* THE PROBLEM *
Exactly as given, repeat all of the entries.

* THE INPUT *
★ ★ ★

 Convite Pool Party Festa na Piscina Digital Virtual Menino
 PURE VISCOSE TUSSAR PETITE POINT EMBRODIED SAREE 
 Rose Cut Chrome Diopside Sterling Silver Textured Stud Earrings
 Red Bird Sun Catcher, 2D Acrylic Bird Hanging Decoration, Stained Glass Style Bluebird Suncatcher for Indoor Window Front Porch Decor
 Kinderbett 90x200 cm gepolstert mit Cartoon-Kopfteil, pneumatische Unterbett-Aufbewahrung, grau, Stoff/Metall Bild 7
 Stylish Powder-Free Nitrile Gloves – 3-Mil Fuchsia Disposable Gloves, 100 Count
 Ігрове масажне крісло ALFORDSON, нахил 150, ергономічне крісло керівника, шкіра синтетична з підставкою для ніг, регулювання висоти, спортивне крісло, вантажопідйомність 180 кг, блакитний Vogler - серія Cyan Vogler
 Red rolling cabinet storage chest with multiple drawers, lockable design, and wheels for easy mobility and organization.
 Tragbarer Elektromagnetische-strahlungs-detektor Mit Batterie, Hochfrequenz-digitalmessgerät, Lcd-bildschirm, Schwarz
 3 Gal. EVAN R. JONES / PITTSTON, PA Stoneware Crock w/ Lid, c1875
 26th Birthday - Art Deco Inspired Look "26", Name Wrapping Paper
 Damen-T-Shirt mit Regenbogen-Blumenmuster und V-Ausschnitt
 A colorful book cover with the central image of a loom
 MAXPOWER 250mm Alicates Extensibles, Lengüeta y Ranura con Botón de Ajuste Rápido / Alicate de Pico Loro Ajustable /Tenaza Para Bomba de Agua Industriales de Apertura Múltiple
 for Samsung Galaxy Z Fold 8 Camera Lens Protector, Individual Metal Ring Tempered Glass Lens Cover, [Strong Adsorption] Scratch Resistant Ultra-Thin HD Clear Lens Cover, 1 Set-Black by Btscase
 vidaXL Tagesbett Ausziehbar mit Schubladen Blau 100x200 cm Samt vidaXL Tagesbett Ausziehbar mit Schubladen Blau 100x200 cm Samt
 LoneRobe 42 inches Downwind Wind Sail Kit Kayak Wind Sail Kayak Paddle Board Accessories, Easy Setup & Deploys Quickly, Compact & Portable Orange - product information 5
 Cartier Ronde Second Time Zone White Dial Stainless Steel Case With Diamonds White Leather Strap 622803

★ ★ ★

* WRITTEN SOLUTION *
 Convite Pool Party Festa na Piscina Digital Virtual Menino
 PURE VISCOSE TUSSAR PETITE POINT EMBRODIED SAREE 
 Rose Cut Chrome Diopside Sterling Silver Textured Stud Earrings
 Red Bird Sun Catcher, 2D Acrylic Bird Hanging Decoration, Stained Glass Style Bluebird Suncatcher for Indoor Window Front Porch Decor
 Kinderbett 90x200 cm gepolstert mit Cartoon-Kopfteil, pneumatische Unterbett-Aufbewahrung, grau, Stoff/Metall Bild 7
 Stylish Powder-Free Nitrile Gloves – 3-Mil Fuchsia Disposable Gloves, 100 Count
 Ігрове масажне крісло ALFORDSON, нахил 150, ергономічне крісло керівника, шкіра синтетична з підставкою для ніг, регулювання висоти, спортивне крісло, вантажопідйомність 180 кг, блакитний Vogler - серія Cyan Vogler
 Red rolling cabinet storage chest with multiple drawers, lockable design, and wheels for easy mobility and organization.
 Tragbarer Elektromagnetische-strahlungs-detektor Mit Batterie, Hochfrequenz-digitalmessgerät, Lcd-bildschirm, Schwarz
 3 Gal. EVAN R. JONES / PITTSTON, PA Stoneware Crock w/ Lid, c1875
 26th Birthday - Art Deco Inspired Look "26", Name Wrapping Paper
 Damen-T-Shirt mit Regenbogen-Blumenmuster und V-Ausschnitt
 A colorful book cover with the central image of a loom
 MAXPOWER 250mm Alicates Extensibles, Lengüeta y Ranura con Botón de Ajuste Rápido / Alicate de Pico Loro Ajustable /Tenaza Para Bomba de Agua Industriales de Apertura Múltiple
 for Samsung Galaxy Z Fold 8 Camera Lens Protector, Individual Metal Ring Tempered Glass Lens Cover, [Strong Adsorption] Scratch Resistant Ultra-Thin HD Clear Lens Cover, 1 Set-Black by Btscase
 vidaXL Tagesbett Ausziehbar mit Schubladen Blau 100x200 cm Samt vidaXL Tagesbett Ausziehbar mit Schubladen Blau 100x200 cm Samt
 LoneRobe 42 inches Downwind Wind Sail Kit Kayak Wind Sail Kayak Paddle Board Accessories, Easy Setup & Deploys Quickly, Compact & Portable Orange - product information 5
 Cartier Ronde Second Time Zone White Dial Stainless Steel Case With Diamonds White Leather Strap 622803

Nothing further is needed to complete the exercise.